Debates about what books students should be reading in high school reach a crescendo at the start of each school year.
As parents make their way through school text lists, collecting books for their teen’s year ahead, they inevitably draw comparisons between their own school reading and the literature selected for their children by teachers, schools and mandated curriculum.
Some are astounded their teens are still reading the same books they read at school.
Everyone has an opinion
One father of a Year 9 daughter wondered on Twitter last week, at the start of the 2023 school year, why she was assigned the “boring” Animal Farm, Romeo and Juliet and Wuthering Heights. (His original post was so flooded with responses, he became overwhelmed and deleted it.)
Some of his fellow parents agreed an all-classics diet threatened to turn teens off reading, and called for older texts to be replaced with contemporary ones that reflected teen lives. Some raised the diversity problem of the so-called – mainly white male – “canon”. And others called for a blend of classic and contemporary books, to tick all the boxes.
But everyone had an opinion.
Compulsory schooling has done extraordinary things for our collective skills and knowledge. But one of the consequences of requiring almost everybody to complete a secondary education is that it has become common, even natural, for adults to hold strong beliefs about the “right” kinds of literature that should occupy school time.
In the social media age, it is easier than ever for parents to share these views. Their concerns are also tied up in almost perpetual anxiety about young people and their futures.
These anxieties have not been helped by political leaders who capitalise on the opportunity to politicise the school curriculum for the purposes of leveraging their opponents and stoking their bases. Whenever attempts are made to read and study texts in the English classroom that reflect the diversity of Australian society – and within Australian classrooms – the backlash is intense and sustained.

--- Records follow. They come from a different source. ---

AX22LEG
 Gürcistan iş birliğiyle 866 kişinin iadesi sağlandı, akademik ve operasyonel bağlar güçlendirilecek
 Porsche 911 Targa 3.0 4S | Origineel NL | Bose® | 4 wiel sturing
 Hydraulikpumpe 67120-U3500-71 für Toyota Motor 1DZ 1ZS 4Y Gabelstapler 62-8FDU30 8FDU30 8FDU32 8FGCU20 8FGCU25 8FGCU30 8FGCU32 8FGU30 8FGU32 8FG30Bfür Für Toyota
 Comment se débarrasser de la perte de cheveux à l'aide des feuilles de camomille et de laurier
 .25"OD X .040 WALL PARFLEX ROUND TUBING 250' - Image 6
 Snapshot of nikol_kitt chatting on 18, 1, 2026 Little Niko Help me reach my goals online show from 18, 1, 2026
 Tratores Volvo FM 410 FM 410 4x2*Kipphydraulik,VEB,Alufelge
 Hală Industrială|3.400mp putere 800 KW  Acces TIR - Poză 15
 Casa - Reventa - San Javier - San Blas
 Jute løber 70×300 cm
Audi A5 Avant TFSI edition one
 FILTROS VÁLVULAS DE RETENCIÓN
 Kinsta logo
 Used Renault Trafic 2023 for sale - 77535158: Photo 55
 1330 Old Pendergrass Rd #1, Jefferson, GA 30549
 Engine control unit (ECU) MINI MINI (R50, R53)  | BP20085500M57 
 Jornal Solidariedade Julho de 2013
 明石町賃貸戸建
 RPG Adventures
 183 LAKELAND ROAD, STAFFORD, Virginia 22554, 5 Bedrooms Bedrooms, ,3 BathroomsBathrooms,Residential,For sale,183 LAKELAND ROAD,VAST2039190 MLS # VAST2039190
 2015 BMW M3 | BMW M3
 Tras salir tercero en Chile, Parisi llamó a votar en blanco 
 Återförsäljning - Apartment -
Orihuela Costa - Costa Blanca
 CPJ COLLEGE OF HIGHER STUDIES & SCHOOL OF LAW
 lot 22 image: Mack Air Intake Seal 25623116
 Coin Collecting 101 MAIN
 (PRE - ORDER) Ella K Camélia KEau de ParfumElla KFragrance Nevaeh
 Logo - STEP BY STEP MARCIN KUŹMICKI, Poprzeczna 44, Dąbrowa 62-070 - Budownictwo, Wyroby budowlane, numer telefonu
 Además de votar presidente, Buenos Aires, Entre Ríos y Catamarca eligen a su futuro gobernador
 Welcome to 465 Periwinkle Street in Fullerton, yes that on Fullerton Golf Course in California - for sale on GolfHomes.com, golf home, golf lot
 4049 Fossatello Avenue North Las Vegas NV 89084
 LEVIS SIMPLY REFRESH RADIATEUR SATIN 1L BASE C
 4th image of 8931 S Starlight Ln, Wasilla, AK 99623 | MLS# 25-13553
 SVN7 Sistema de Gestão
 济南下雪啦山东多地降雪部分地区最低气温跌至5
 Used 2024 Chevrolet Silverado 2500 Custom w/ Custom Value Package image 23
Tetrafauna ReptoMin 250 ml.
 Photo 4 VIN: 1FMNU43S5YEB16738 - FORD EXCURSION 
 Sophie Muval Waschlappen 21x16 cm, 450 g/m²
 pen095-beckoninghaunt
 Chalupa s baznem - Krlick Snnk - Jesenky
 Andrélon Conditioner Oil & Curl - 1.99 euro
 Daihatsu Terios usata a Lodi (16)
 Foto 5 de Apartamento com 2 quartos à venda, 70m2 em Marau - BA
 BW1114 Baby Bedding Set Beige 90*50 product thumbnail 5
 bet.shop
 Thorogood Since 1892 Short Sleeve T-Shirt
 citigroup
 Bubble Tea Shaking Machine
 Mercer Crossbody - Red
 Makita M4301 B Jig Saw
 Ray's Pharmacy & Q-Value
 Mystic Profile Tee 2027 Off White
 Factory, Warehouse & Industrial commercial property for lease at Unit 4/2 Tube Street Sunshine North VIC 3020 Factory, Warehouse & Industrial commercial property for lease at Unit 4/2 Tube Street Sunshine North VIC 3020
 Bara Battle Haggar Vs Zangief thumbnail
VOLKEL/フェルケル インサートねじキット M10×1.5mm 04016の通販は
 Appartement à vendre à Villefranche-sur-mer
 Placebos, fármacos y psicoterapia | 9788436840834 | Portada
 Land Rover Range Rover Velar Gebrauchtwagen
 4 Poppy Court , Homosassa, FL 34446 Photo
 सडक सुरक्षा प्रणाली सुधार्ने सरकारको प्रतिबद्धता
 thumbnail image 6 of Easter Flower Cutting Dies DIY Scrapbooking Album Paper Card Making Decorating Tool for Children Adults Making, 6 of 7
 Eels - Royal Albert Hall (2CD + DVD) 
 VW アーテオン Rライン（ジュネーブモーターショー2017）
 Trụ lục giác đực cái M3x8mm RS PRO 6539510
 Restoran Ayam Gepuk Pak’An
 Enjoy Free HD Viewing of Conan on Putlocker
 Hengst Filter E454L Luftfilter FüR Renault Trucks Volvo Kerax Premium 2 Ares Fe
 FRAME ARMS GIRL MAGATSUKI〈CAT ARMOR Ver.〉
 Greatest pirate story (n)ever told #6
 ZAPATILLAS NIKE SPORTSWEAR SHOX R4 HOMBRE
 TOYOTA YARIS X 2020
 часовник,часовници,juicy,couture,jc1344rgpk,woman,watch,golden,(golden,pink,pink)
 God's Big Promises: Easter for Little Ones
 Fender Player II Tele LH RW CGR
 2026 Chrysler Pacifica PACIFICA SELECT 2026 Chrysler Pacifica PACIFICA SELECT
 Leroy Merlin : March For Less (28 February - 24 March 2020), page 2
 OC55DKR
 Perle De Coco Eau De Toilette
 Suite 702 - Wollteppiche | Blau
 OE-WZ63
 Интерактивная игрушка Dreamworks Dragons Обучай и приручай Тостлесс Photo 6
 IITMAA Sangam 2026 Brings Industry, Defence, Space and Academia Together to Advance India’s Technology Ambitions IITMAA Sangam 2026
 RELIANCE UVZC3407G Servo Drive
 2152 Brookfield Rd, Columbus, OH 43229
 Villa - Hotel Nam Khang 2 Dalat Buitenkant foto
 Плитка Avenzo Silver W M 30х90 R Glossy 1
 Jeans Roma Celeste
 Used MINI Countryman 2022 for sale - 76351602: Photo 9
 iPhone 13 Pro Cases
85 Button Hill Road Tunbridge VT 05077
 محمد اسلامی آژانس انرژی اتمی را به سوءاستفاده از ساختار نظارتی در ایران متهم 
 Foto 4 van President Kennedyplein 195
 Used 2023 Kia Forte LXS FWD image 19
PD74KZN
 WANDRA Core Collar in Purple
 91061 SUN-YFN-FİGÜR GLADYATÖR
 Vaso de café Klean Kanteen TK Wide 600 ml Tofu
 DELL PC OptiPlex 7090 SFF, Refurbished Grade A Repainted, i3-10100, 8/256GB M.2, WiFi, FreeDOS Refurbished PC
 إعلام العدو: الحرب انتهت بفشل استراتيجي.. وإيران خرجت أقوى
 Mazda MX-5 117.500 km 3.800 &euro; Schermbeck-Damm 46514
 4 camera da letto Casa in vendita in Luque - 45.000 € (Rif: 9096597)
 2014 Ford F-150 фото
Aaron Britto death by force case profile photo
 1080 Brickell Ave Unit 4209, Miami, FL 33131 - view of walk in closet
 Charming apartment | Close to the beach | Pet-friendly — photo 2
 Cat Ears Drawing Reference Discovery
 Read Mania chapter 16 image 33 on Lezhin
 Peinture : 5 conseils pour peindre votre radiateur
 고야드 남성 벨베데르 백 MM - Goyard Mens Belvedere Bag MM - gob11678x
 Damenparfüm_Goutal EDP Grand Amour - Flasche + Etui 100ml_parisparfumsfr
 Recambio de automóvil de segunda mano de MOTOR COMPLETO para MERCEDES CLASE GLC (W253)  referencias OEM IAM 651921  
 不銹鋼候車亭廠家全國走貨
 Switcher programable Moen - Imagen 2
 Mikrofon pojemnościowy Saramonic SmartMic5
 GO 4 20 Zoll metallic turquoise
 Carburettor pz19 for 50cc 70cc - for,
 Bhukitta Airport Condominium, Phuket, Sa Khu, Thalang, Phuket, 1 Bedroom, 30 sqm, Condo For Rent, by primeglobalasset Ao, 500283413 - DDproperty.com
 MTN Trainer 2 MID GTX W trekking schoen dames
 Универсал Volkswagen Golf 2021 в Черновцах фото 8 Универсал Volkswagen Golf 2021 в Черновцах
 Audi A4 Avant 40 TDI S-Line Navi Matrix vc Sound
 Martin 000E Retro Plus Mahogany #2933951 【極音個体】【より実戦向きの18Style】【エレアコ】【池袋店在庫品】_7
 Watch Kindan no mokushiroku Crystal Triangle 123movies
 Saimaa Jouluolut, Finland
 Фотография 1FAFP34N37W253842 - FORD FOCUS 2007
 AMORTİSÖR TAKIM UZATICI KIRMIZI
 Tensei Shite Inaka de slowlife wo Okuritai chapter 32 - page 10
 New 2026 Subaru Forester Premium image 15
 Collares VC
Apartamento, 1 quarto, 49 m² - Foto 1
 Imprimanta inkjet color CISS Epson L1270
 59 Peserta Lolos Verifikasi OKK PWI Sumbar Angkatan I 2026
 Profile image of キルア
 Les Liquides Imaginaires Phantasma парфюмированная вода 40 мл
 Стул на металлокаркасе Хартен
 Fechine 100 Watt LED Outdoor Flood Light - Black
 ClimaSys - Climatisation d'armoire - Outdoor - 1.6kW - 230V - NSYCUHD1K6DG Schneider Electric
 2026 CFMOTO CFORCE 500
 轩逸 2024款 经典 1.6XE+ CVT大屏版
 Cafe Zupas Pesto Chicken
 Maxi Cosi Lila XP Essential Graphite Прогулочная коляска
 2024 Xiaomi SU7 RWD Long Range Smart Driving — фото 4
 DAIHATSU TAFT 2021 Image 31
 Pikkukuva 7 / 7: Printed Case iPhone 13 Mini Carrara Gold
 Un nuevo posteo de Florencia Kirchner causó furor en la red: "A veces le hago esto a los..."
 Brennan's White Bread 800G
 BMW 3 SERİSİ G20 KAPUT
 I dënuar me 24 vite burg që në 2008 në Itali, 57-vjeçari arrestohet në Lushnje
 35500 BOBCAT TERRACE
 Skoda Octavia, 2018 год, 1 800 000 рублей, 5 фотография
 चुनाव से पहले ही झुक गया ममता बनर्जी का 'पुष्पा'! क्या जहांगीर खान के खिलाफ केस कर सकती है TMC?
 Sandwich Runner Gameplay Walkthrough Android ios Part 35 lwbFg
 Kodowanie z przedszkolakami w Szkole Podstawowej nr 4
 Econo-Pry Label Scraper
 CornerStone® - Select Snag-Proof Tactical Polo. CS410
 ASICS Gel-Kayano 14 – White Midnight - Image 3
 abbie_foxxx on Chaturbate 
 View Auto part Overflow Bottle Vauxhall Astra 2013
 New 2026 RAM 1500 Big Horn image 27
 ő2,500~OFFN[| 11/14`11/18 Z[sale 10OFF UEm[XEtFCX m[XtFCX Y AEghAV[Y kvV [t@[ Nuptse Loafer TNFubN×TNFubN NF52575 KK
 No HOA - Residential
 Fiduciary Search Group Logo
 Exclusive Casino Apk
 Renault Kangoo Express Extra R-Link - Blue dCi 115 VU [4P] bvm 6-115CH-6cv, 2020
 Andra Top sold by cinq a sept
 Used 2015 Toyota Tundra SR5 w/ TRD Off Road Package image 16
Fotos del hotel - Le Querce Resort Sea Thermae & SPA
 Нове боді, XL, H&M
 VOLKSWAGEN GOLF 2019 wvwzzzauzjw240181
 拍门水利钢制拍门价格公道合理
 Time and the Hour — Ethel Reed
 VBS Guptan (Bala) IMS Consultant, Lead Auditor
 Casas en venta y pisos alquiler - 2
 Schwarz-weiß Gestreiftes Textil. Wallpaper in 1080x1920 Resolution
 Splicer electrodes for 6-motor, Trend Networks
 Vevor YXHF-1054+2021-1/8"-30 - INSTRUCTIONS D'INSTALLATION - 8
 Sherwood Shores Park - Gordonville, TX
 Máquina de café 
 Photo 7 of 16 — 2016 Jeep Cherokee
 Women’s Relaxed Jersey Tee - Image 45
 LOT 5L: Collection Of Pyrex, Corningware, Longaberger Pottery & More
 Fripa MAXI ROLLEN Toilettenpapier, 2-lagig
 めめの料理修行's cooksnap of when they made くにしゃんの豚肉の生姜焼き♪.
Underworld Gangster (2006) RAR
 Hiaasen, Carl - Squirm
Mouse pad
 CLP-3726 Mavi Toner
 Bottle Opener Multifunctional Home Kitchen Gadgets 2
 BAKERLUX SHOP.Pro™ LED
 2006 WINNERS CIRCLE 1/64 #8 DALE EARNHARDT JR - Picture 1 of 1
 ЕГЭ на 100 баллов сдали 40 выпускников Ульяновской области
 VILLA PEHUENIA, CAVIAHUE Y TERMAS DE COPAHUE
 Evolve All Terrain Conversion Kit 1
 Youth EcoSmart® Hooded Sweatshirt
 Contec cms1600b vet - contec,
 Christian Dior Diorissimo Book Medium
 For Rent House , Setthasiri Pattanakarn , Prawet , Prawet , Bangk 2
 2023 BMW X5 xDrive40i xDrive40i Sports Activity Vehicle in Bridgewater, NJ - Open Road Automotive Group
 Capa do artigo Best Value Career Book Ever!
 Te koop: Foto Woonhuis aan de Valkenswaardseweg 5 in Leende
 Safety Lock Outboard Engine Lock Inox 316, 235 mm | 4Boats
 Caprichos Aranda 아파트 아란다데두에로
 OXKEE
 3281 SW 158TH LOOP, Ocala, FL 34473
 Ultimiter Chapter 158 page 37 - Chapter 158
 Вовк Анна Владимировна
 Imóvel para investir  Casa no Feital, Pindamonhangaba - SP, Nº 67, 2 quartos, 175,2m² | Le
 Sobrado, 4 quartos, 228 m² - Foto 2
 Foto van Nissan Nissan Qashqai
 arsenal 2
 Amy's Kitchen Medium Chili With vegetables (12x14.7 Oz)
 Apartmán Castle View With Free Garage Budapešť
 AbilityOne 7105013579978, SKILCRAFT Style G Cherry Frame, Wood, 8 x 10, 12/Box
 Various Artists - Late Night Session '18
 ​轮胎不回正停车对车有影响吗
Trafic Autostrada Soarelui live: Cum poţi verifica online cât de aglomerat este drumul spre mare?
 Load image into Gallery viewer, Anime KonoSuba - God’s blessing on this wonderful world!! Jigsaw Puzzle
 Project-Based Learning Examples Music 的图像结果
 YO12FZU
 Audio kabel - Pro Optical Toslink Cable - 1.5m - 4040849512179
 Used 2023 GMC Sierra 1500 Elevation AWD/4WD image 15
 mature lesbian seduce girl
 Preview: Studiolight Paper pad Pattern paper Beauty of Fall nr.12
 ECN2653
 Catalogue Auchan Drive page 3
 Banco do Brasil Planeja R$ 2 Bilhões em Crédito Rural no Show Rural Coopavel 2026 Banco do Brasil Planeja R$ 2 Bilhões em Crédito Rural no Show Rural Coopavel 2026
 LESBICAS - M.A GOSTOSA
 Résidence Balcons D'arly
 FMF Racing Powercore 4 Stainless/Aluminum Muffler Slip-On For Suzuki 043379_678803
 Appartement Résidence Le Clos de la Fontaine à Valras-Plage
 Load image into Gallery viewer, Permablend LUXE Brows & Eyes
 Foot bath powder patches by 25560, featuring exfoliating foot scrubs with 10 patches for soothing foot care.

When former Prime Minister Tony Abbott appointed staunch conservatives to review English in the Australian Curriculum, the resulting report was awash with racist commentary about the “wrong kinds of literature”, and called for a greater emphasis on Western literature.
More recently, attempts were made by New South Wales legislative council member Mark Latham to amend the Education Act, so that teachers who taught gender fluidity – including through the selection of texts with gender fluid characters – would be sacked.
These examples demonstrate the precarious grounds upon which teachers must make decisions about which literature is best for their students.
What are they reading at school?
Concerningly, no research has ever been conducted in Australia to collect reliable data about what a typical high-school reading list contains. This means almost all of the discussion about the content of teen reading in schools is based on observations, anecdotes and presumptions.
We do have a good sense of what students might be taught.
The Australian Curriculum, along with the various state iterations of that guiding document, makes suggestions about the types of literature students should be exposed to: classic and contemporary world literature, including texts from and about Asia and First Nations people. And about the forms literature should take: novels, poetry, short stories and plays; fiction for young adults and children, multimodal texts such as film, and a variety of nonfiction.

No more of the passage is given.